Pathologe prahlt mit Physiker Hirn

Diesmal entfaltet der Dichter auf rund 550 Seiten die wahre Geschichte des Pathologen Thomas Harvey, der Einsteins Hirn nach dem Tod des Physikers 1955 entfernt und damit 42 Jahre durch die amerikanische Provinz tingelt. Irgendwann beginnt das Hirn, mit Harvey zu sprechen. Herr und Hirn erleben gemeinsam die Wahl John F. Kennedys zum Präsidenten, die erste Landung auf dem Mond, Woodstock, Watergate und das Ende des Vietnamkriegs. Der Schriftsteller bereichert die wahre Geschichte um wilde Kuriositäten, eingebettet in das Amerika-Setting des vorige Jahrhunderts.

Von FBI-Agent überwacht

Harvey selbst wird in Franzobels Roman von einem FBI-Agenten überwacht. Dieser Sam Shepherd musste vorher Einstein wegen des Verdachts auf unamerikanische Umtriebe observieren. Als Shepherd herauskriegt, dass Einsteins Hirn spricht, bekommt ihm dies ebenso wenig wie Harvey.

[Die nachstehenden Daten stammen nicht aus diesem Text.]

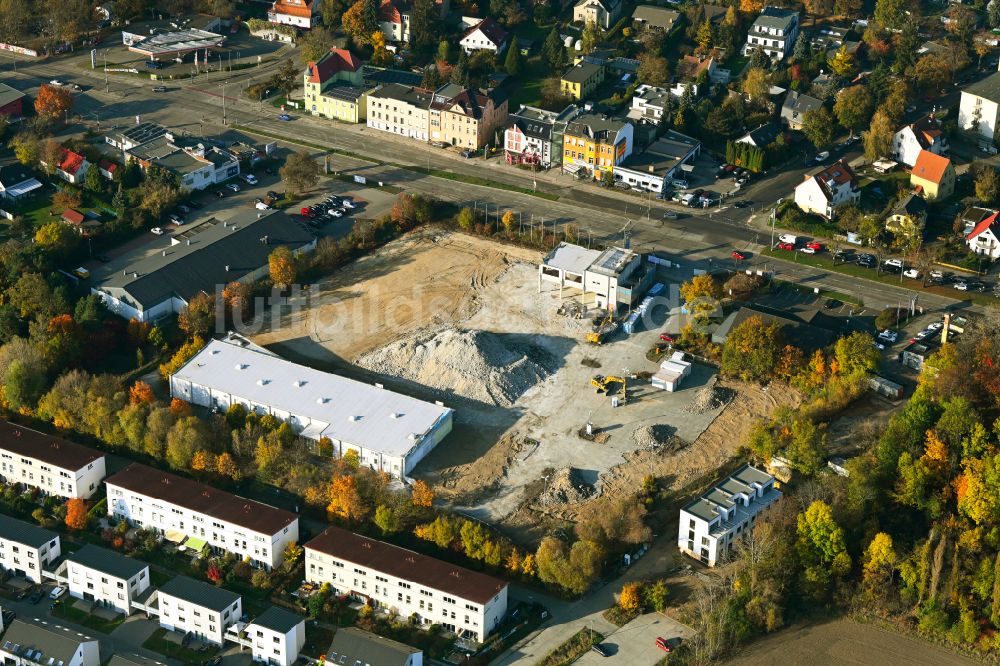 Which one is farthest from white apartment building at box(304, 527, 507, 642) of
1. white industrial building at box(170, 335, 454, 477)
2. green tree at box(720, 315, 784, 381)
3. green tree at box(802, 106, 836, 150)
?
green tree at box(802, 106, 836, 150)

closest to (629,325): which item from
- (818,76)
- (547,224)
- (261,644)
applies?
(547,224)

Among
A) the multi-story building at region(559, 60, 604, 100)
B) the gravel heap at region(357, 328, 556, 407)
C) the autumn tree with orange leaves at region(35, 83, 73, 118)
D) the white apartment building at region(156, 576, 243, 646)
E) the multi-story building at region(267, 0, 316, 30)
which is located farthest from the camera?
the multi-story building at region(267, 0, 316, 30)

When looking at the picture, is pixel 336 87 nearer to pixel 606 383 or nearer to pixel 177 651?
pixel 606 383

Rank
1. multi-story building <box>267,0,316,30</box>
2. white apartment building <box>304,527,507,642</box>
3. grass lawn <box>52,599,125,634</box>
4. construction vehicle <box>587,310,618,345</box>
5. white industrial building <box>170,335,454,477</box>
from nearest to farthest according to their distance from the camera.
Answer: white apartment building <box>304,527,507,642</box>, grass lawn <box>52,599,125,634</box>, white industrial building <box>170,335,454,477</box>, construction vehicle <box>587,310,618,345</box>, multi-story building <box>267,0,316,30</box>

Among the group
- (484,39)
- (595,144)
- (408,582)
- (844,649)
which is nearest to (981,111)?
(595,144)

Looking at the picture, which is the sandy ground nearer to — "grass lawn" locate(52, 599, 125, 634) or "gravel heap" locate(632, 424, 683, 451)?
"gravel heap" locate(632, 424, 683, 451)

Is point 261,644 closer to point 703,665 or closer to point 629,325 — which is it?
point 703,665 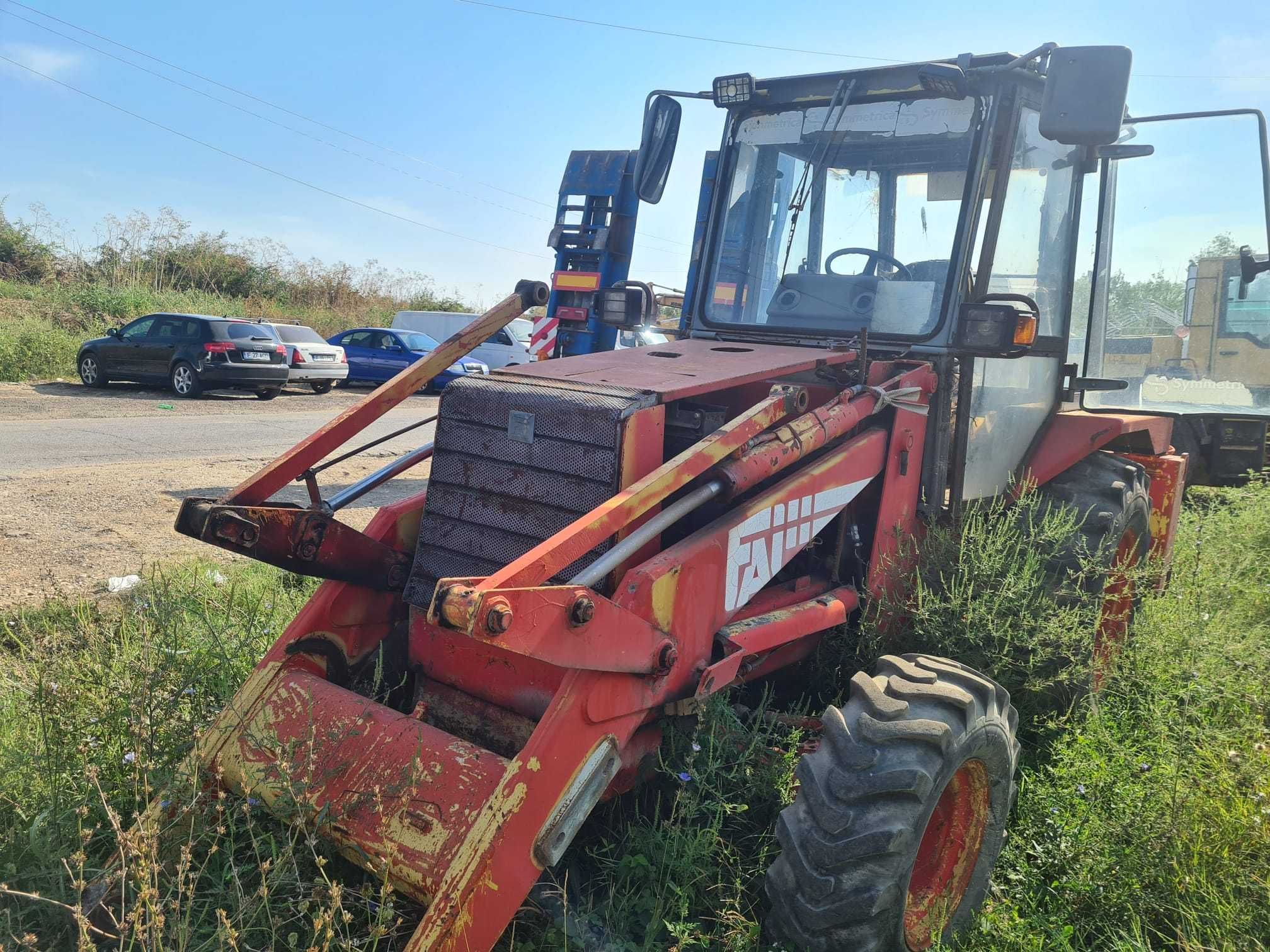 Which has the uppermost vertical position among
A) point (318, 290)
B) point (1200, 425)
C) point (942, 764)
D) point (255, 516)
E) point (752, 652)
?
point (318, 290)

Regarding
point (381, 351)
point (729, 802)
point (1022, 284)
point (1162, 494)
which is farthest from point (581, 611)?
point (381, 351)

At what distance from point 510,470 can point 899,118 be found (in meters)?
2.29

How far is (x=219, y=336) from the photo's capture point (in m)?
17.5

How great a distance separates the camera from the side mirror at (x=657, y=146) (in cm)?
438

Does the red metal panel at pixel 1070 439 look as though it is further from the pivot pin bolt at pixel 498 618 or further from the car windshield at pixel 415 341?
the car windshield at pixel 415 341

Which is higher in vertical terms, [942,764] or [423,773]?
[942,764]

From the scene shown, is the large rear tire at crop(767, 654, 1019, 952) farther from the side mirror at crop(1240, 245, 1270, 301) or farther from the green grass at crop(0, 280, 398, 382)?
the green grass at crop(0, 280, 398, 382)

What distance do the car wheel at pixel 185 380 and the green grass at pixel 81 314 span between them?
126 inches

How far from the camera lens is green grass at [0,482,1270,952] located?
276 cm

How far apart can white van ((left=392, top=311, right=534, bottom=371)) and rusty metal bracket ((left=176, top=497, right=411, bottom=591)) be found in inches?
624

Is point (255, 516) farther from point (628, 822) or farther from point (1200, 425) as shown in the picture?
point (1200, 425)

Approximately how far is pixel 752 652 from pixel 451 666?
102cm

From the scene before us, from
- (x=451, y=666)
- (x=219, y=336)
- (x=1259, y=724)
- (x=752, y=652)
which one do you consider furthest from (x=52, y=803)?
(x=219, y=336)

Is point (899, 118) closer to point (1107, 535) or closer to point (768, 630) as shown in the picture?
point (1107, 535) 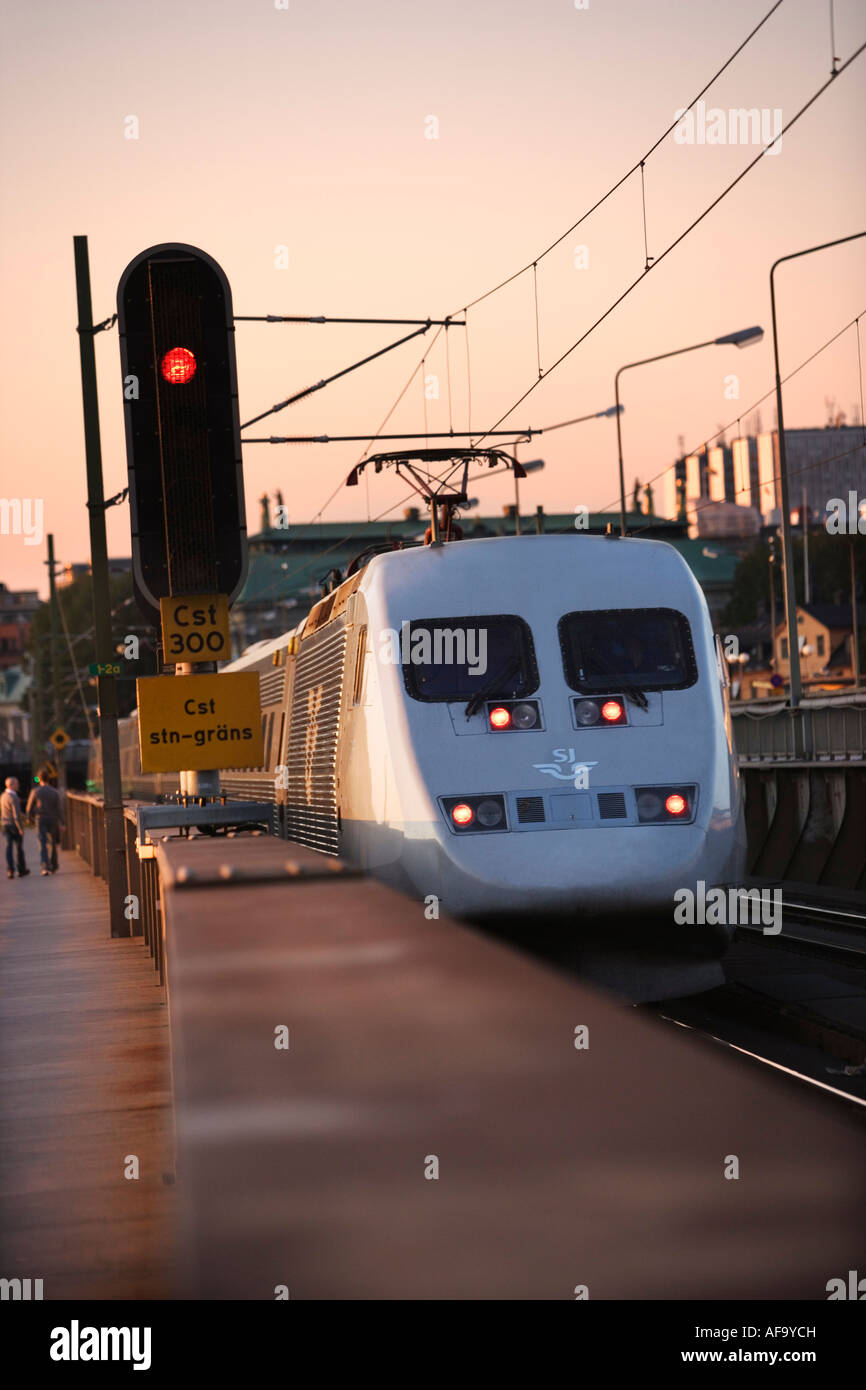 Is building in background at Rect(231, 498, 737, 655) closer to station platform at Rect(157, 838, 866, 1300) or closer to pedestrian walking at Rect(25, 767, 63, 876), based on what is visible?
pedestrian walking at Rect(25, 767, 63, 876)

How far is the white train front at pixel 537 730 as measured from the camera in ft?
34.0

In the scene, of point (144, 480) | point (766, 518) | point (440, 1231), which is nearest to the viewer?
point (440, 1231)

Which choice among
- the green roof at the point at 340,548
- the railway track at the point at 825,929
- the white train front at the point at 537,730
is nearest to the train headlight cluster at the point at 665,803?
the white train front at the point at 537,730

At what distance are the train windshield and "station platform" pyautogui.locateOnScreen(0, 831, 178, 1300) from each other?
11.5 feet

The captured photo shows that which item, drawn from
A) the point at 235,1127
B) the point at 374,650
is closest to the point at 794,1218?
the point at 235,1127

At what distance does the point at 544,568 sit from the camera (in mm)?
11711

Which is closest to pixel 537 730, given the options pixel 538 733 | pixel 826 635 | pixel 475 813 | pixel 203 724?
pixel 538 733

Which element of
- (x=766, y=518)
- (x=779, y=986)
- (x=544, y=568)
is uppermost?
(x=766, y=518)

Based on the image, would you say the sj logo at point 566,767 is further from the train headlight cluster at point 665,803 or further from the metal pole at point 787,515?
the metal pole at point 787,515

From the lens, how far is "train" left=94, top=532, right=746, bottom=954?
34.0 feet

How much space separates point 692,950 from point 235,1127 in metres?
7.77

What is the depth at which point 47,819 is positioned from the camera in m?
32.0

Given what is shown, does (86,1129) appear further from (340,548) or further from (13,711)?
(13,711)

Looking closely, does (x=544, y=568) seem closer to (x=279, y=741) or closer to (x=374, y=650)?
(x=374, y=650) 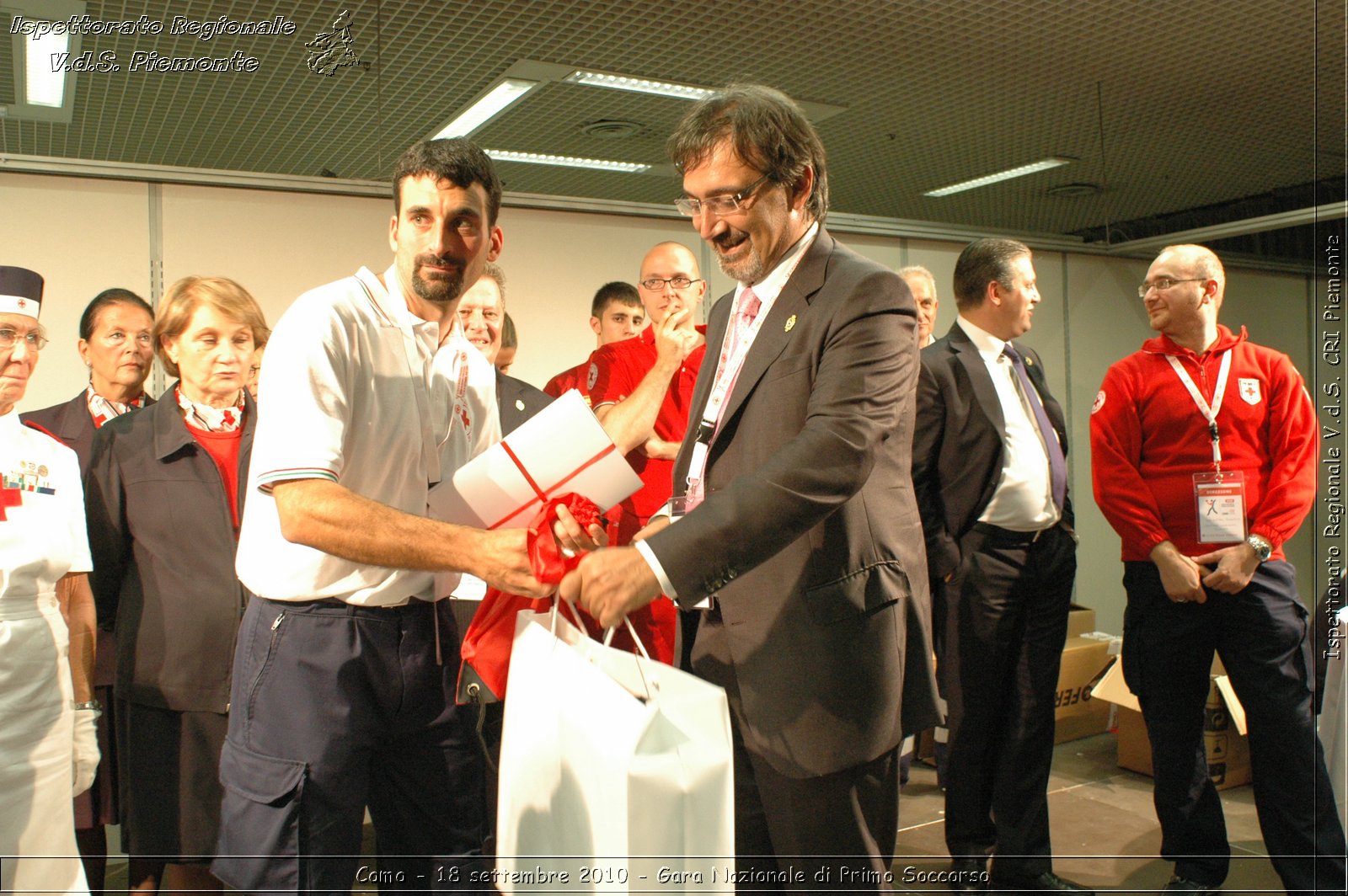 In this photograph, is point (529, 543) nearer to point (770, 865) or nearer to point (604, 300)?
point (770, 865)

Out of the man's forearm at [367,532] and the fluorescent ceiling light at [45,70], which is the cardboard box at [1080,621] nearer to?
the man's forearm at [367,532]

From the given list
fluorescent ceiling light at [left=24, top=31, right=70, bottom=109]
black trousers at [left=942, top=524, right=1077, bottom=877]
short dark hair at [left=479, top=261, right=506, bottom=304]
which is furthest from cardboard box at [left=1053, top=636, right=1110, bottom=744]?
fluorescent ceiling light at [left=24, top=31, right=70, bottom=109]

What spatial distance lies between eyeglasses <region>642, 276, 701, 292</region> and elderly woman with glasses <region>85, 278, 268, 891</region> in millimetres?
1320

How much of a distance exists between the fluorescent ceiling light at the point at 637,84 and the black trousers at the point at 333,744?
349cm

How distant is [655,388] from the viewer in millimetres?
2816

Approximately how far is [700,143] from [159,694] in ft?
6.23

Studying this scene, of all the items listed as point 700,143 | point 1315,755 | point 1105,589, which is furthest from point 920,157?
point 700,143

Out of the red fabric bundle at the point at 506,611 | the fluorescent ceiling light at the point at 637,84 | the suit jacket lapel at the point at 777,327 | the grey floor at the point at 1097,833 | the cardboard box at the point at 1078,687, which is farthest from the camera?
the fluorescent ceiling light at the point at 637,84

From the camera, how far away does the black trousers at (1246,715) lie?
8.86 feet

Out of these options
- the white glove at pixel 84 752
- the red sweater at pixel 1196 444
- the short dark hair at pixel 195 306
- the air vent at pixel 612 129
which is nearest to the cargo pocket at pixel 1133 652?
the red sweater at pixel 1196 444

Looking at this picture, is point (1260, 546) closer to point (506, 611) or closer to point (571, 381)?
point (571, 381)

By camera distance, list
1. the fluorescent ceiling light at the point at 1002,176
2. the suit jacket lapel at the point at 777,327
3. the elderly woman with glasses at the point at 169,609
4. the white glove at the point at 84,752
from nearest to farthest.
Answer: the suit jacket lapel at the point at 777,327 → the white glove at the point at 84,752 → the elderly woman with glasses at the point at 169,609 → the fluorescent ceiling light at the point at 1002,176

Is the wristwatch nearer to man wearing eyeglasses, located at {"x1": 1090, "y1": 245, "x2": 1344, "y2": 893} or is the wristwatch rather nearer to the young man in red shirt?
man wearing eyeglasses, located at {"x1": 1090, "y1": 245, "x2": 1344, "y2": 893}

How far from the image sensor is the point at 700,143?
5.30ft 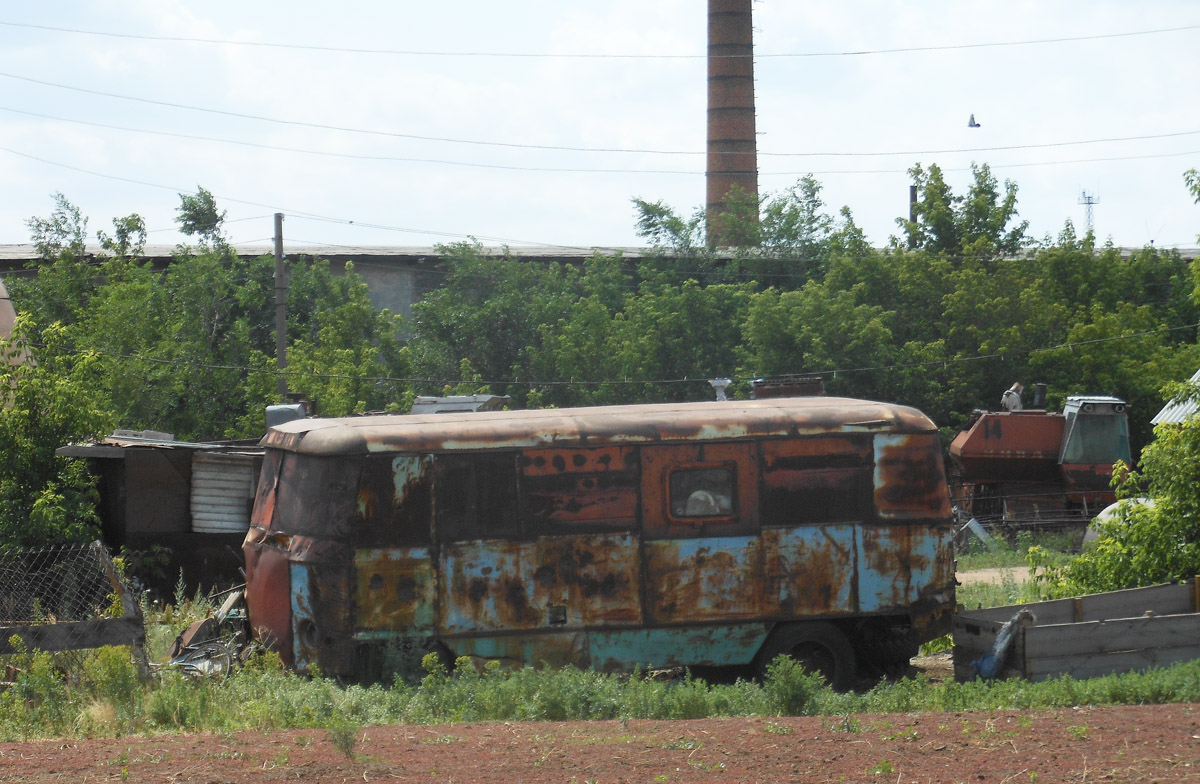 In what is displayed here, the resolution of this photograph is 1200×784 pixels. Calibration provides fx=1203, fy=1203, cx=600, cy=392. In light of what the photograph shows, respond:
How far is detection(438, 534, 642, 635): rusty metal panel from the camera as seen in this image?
10.9 metres

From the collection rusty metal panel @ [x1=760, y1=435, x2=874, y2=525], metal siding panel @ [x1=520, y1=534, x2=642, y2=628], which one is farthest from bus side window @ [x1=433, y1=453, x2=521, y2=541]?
rusty metal panel @ [x1=760, y1=435, x2=874, y2=525]

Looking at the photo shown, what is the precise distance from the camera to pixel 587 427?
11219 millimetres

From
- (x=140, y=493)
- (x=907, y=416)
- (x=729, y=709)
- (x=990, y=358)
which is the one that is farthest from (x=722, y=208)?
(x=729, y=709)

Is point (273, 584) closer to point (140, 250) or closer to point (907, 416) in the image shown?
point (907, 416)

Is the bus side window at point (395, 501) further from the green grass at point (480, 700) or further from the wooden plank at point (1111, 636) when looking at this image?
the wooden plank at point (1111, 636)

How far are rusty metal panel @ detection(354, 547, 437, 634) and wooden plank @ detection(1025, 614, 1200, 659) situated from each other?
530cm

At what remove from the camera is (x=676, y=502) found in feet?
36.8

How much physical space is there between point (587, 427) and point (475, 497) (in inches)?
48.2

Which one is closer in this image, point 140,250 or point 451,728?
point 451,728

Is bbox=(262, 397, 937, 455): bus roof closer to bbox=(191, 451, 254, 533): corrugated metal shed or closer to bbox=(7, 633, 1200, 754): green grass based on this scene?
bbox=(7, 633, 1200, 754): green grass

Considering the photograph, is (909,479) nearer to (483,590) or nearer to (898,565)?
(898,565)

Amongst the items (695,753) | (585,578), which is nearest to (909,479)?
(585,578)

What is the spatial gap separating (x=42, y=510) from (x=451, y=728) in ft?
30.5

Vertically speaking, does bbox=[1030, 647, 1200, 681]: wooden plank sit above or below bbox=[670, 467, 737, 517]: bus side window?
below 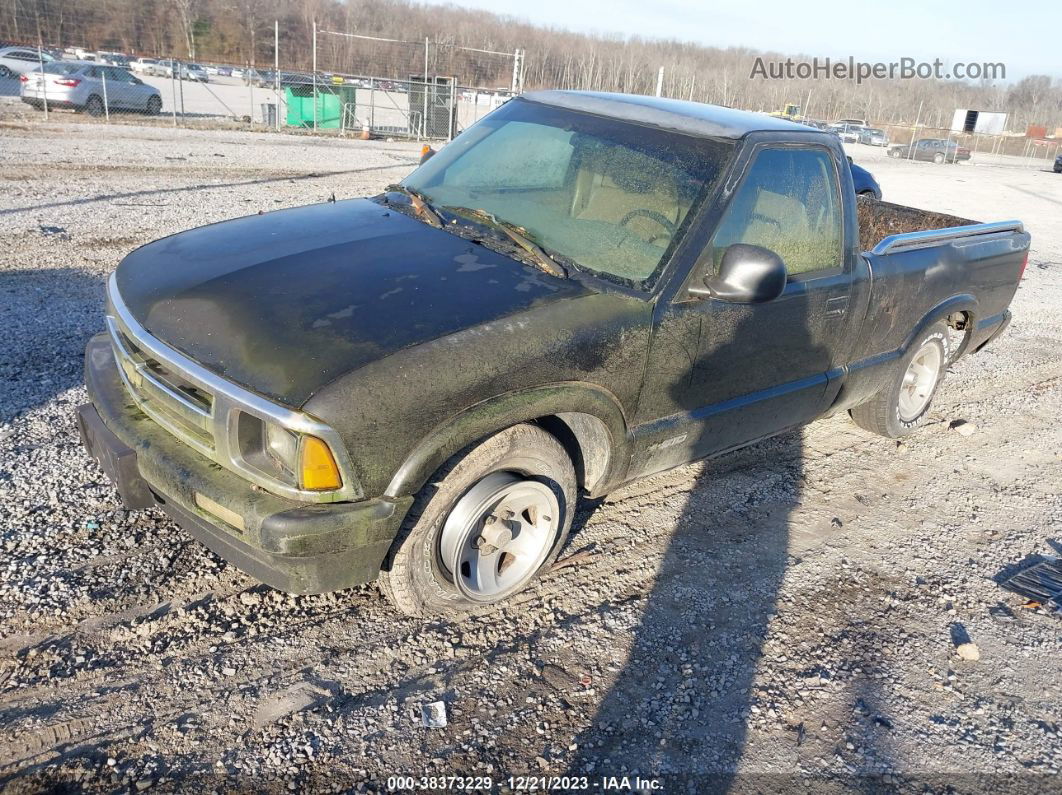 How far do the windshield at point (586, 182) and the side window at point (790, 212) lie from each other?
20cm

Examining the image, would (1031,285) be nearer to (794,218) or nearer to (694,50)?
(794,218)

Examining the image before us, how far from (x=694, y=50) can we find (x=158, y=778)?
107 meters

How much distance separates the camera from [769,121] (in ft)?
13.3

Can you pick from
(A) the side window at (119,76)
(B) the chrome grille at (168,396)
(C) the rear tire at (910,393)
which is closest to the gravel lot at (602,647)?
(C) the rear tire at (910,393)

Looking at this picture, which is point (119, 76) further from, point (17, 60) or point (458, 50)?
point (458, 50)

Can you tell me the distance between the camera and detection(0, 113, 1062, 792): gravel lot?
8.55ft

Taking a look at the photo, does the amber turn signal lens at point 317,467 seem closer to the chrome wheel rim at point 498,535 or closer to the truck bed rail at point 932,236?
the chrome wheel rim at point 498,535

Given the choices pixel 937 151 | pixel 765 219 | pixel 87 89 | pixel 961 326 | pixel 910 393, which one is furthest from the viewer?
pixel 937 151

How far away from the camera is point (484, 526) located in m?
3.15

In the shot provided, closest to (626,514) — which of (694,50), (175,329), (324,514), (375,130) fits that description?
(324,514)

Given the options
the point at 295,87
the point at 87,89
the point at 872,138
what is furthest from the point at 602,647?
the point at 872,138

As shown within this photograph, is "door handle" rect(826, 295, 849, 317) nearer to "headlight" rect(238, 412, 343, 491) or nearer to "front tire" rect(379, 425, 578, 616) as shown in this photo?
"front tire" rect(379, 425, 578, 616)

Das Medien-Echo auf Franzobels neuestes Buch ist groß; die Kritiken fallen überwiegend positiv aus. Die FAZ schreibt: „Franzobel ist ein Phänomen: Seine salopp-süffige Schreibe deutet auf einen Unterhaltungsschriftsteller, sein Humor auf einen Komiker und die immense Recherche auf einen historischen Erzähler oder einen Reporter. Doch keine der Kategorien passt allein, jede würde für sein neues Buch zu kurz greifen.“ In der Berliner Morgenpost heißt es: „Der Roman hat etwas Faustisches in seiner rastlosen, zerstörerischen Begierde an Erkenntnis.“

Der Genialität auf der Spur

Wie im „Floß der Medusa“ lässt Franzobel in „Einsteins Hirn“ ebenfalls Fiktion und Realität verschwimmen. Seine Grundfrage lautet: Kann ein Pathologe der Genialität Einsteins auf die Spur kommen, indem er das Hirn des Physikers untersucht? Um des Physikers Kern herum strickt der Fabulierkünstler Franzobel naturgemäß jede Menge Unterhaltungsirrsinn.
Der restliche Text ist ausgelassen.